Sebbene la bozza resa pubblica dai mezzi d’informazione riconosca il rischio per i diritti umani derivante dall’uso improprio delle tecnologie di sorveglianza elettronica, il testo mette in discussione diversi aspetti delle proposte della Commissione e del Parlamento espressamente destinate a proteggere i diritti umani.

Ad esempio, la bozza dei nove paesi è contraria a una nuova lista di categorie di tecnologia di sorveglianza per le quali sarebbero necessarie licenze per l’esportazione e anche alla possibilità che tali licenze siano negate nei casi in cui le esportazioni potrebbero recare danno ai diritti umani.

Con Access Now, Privacy International e Reporters sans frontières chiediamo al Consiglio dell’Unione europea di respingere la posizione espressa nella bozza e di far sì che la protezione dei diritti umani sia al centro della normativa sulle esportazioni di tecnologia di sorveglianza.

La tecnologia di sorveglianza in commercio è usata da governi di ogni parte del mondo per spiare attivisti, giornalisti e dissidenti. Questo mese Access Now ha rivelato che il malware di produzione europea FinSpy è stato usato per colpire la società civile in Turchia, Indonesia, Ucraina e Venezuela. Finti account Twitter sono stati creati per prendere di mira attivisti e oppositori politici in Turchia, paese dove è in corso un giro di vite che ha portato in carcere centinaia di persone tra cui difensori dei diritti umani, esponenti di Amnesty International, attivisti politici e giornalisti.

Quello reso noto da Access Now è solo l’ultimo di una serie di scandali legati all’esportazione di tecnologia di sorveglianza. Negli Emirati arabi uniti il difensore dei diritti umani Ahmed Mansoor è stato recentemente condannato a 10 anni di carcere a causa del suo attivismo. Le ricerche di Citizen Lab hanno dimostrato come in diverse occasioni Mansoor sia stato spiato da tecnologia di sorveglianza europea prodotta per accedere alle informazioni personali e spiare le comunicazioni del soggetto preso di mira.

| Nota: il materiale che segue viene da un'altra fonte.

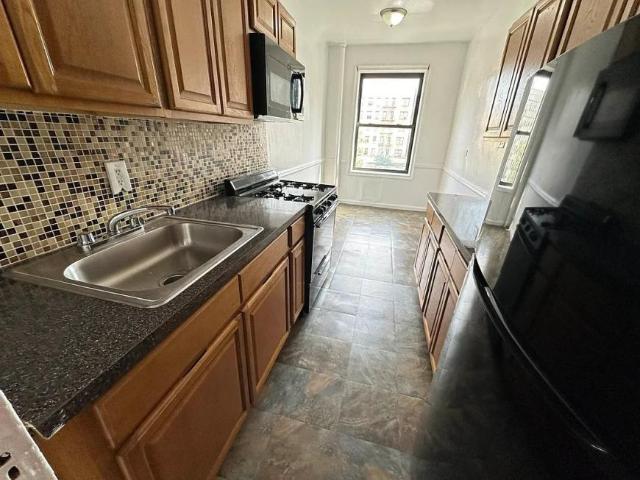 BRONX NY 10468 LS105315078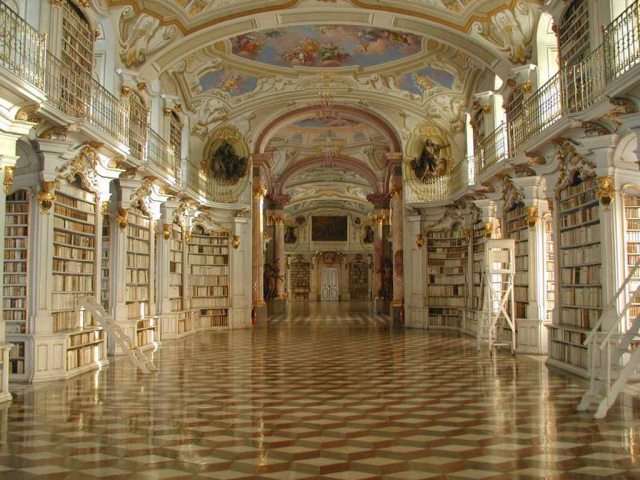 Datei:Bibliothek Admont.jpg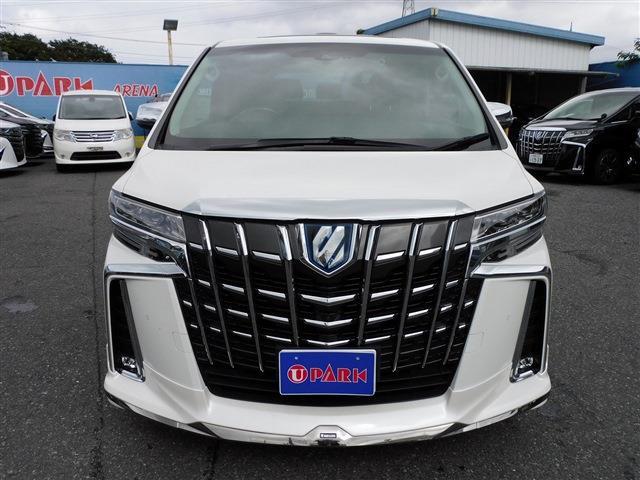 Toyota Alphard 4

Il mese scorso Privacy International ha reso noto che la Finlandia, uno dei nove paesi in questione, ha approvato oltre 80 licenze per l’esportazione di materiali per intercettare le telecomunicazioni a paesi tra cui Emirati arabi uniti e Messico, paese quest’ultimo nel quale le autorità hanno usato tecnologia di sorveglianza contro noti avvocati, giornalisti e attivisti anti-corruzione.

“Le esportazioni di tecnologia per la sorveglianza da parte dell’Unione europea hanno già causato gravi danni e all’avanzamento dei sistemi di spionaggio corrisponde un aumento dei pericoli. In assenza di concrete protezioni per i diritti umani, gli stati membri rischiano di facilitare repressioni come quelle in atto in Turchia e in Messico”, ha commentato Franco.

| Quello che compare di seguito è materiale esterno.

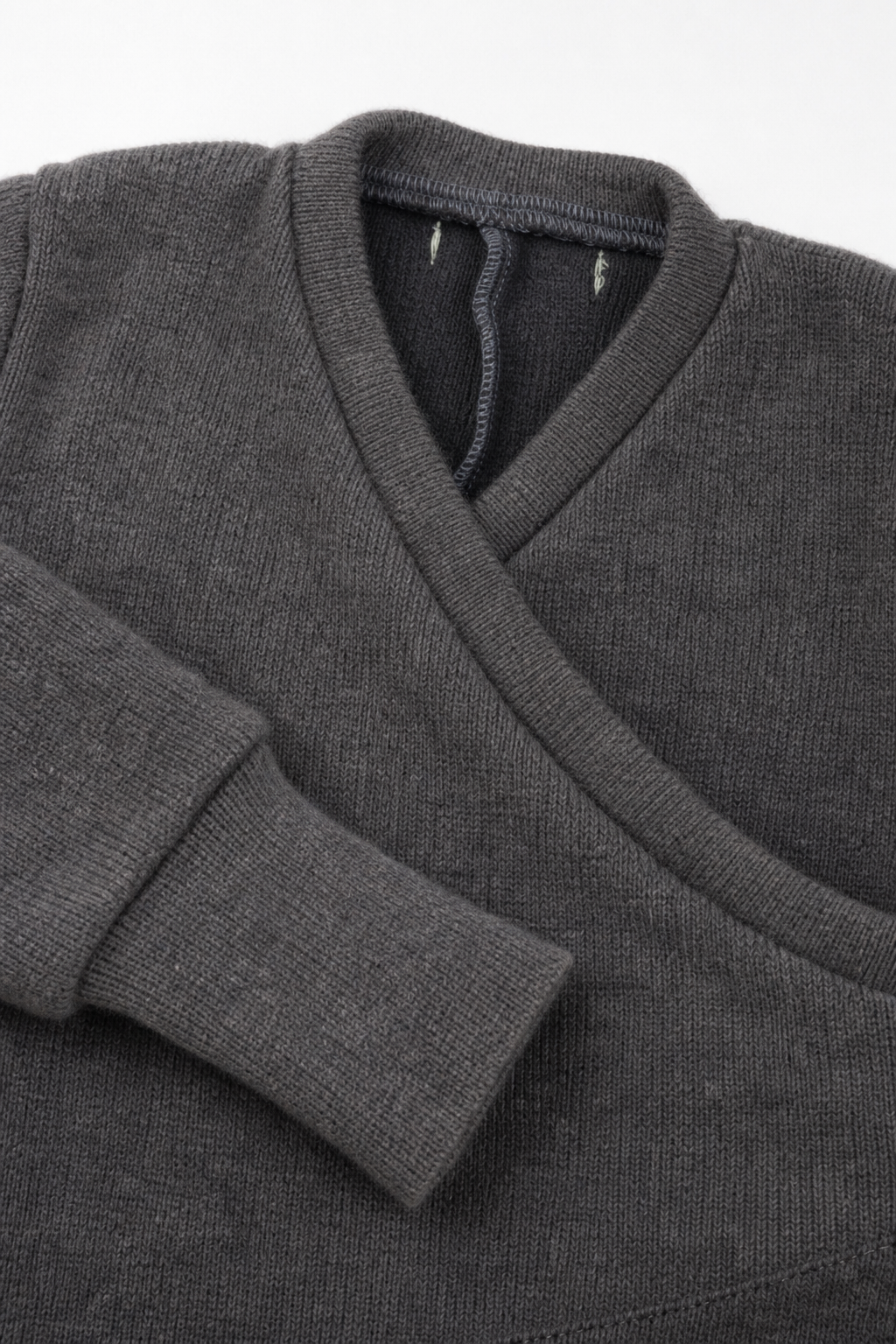 Detailaufnahme des Kaschmir Baby Longsleeves in Braun, Größe 74/80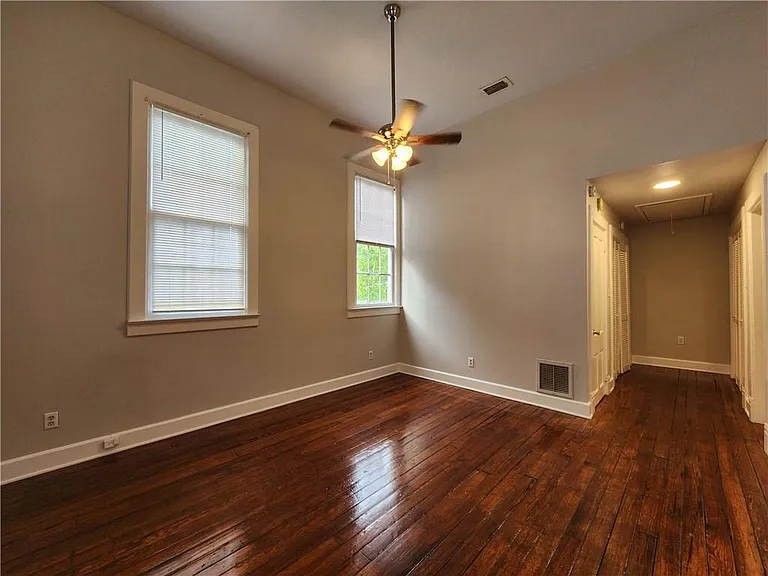 110 S Dearborn St #3 — Photo 5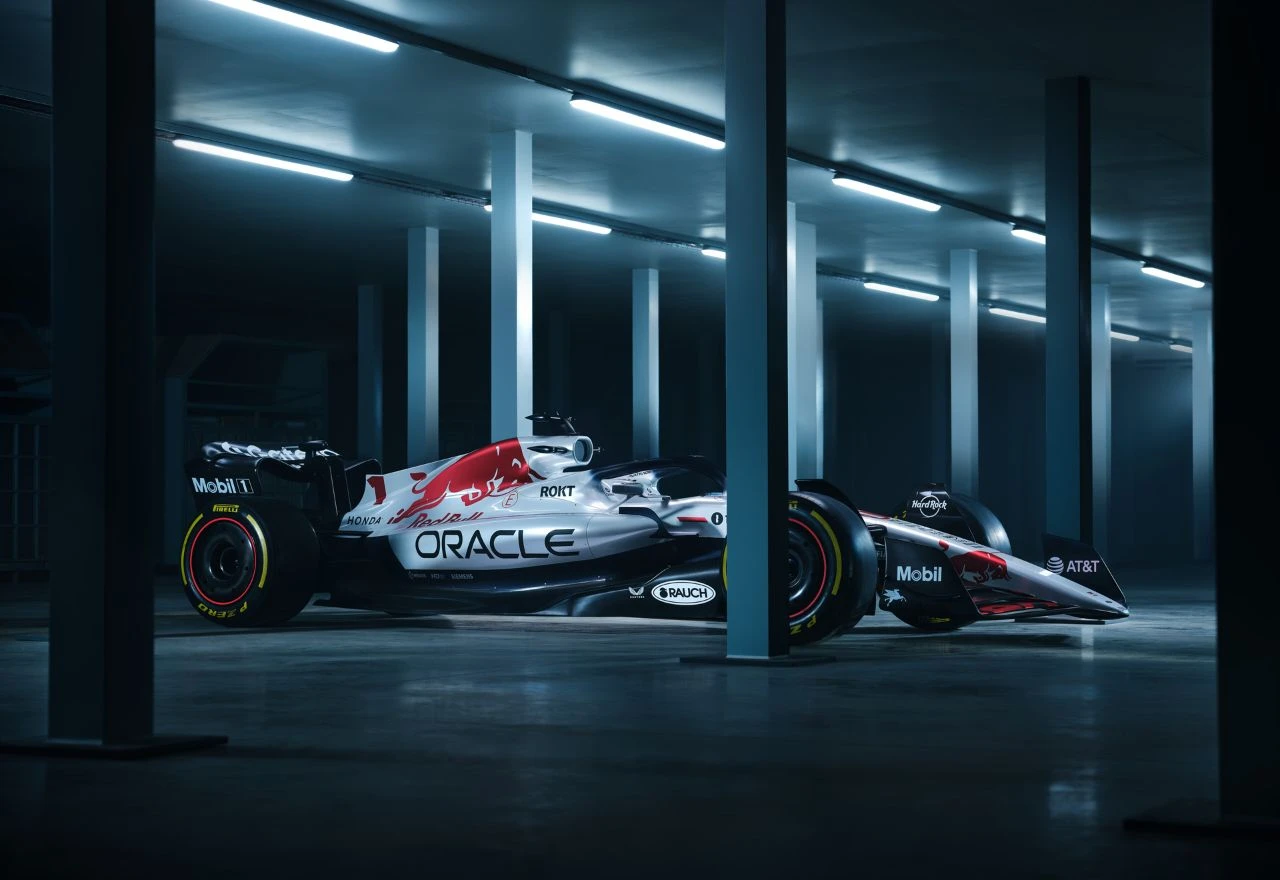 Bolidi Oracle Red Bull Racinga u posebnom ruhu za utrku u Japanu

“Le proposte della Commissione e del Parlamento richiederebbero ai governi di valutare i rischi per i diritti umani nel paese destinatario prima di inviargli tecnologia di sorveglianza. Si tratterebbe di un importante passo avanti, in linea con gli obblighi in materia di diritti umani dell’Unione europea e dei suoi stati membri. Chiediamo al Consiglio di far suo questo approccio nonostante la cinica opposizione dei nove stati membri”, ha concluso Franco.

Ulteriori informazioni

Nel 2016 la Commissione europea ha proposto una riforma all’attuale sistema, “per prevenire le violazioni dei diritti umani associate con determinate tecnologie di cybersorveglianza”.

Access Now, Amnesty International, Privacy International e Reporters sans frontières sono tra le organizzazioni non governative che sostengono il rafforzamento delle protezioni in favore dei diritti umani, maggiore trasparenza, protezione per chi fa ricerca su temi di sicurezza e un raggio maggiore d’azione per coprire le nuove forme di tecnologia di sorveglianza.

Molte di queste istanze sono in qualche modo riflesse nella proposta adottata dal Parlamento europeo alla fine del 2017.

La posizione del Consiglio è attesa nella seconda parte dell’anno. Le tre istituzioni – Consiglio, Commissione e Parlamento – dovrebbero cercare di raggiungere un accordo attraverso i negoziati inter-istituzionali chiamati Trialogo.